About this exercise:
An exact copy is all that is wanted: the lines from the one with "poles, wood, fence, worn, faded, sun-bleached, blue" through the end of the listing below, both included, minus any pictures.

Raw data:
■ ■ ■ ■

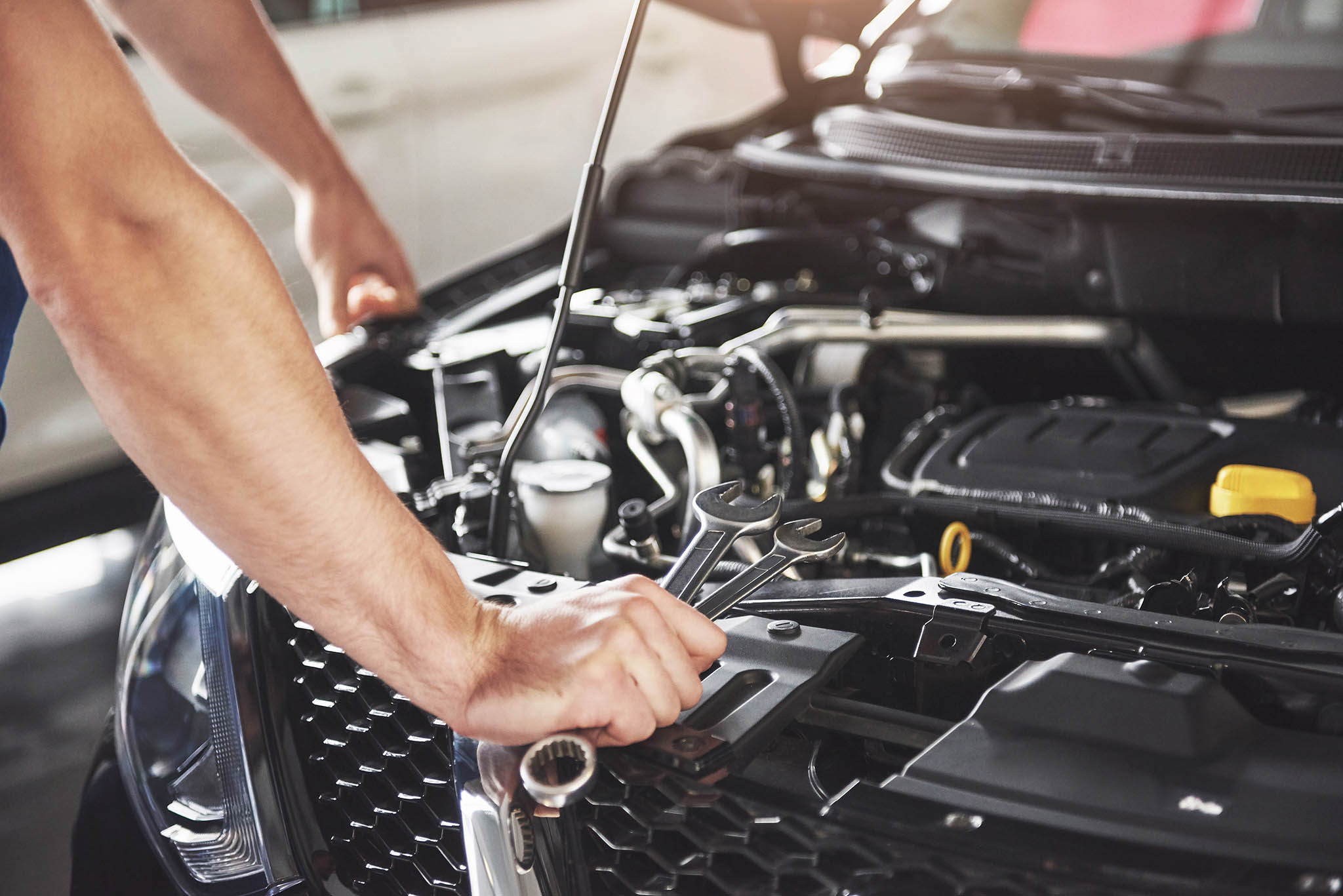 Car mechanic doing a car service and maintenance.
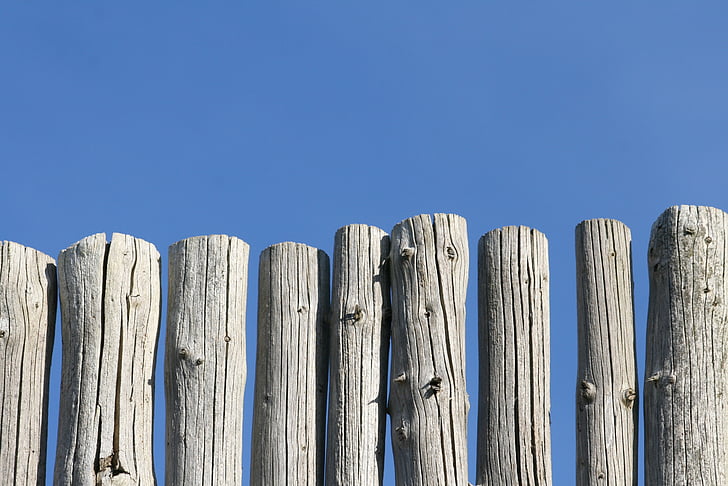 poles, wood, fence, worn, faded, sun-bleached, blue sky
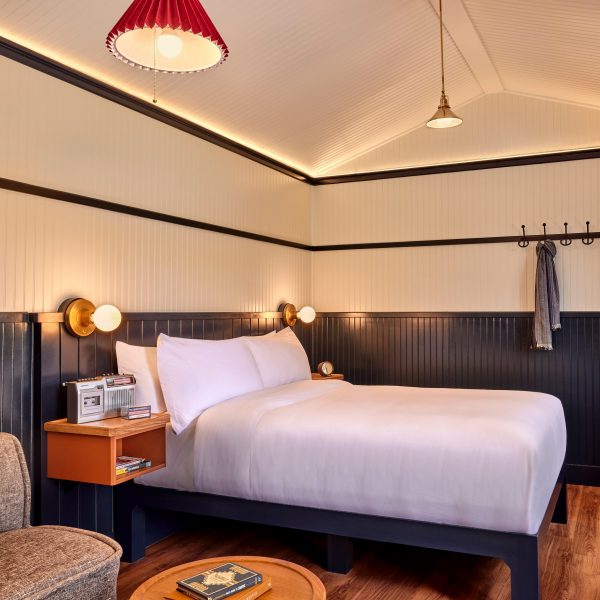 Guest room with double bed, blue wainscoting and white upper walls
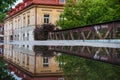 Vilnius Uzupis District and Bridge with Water Reflection. Lithuania.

■ ■ ■ ■

Written answer:
 poles, wood, fence, worn, faded, sun-bleached, blue sky
 Guest room with double bed, blue wainscoting and white upper walls
 Vilnius Uzupis District and Bridge with Water Reflection. Lithuania.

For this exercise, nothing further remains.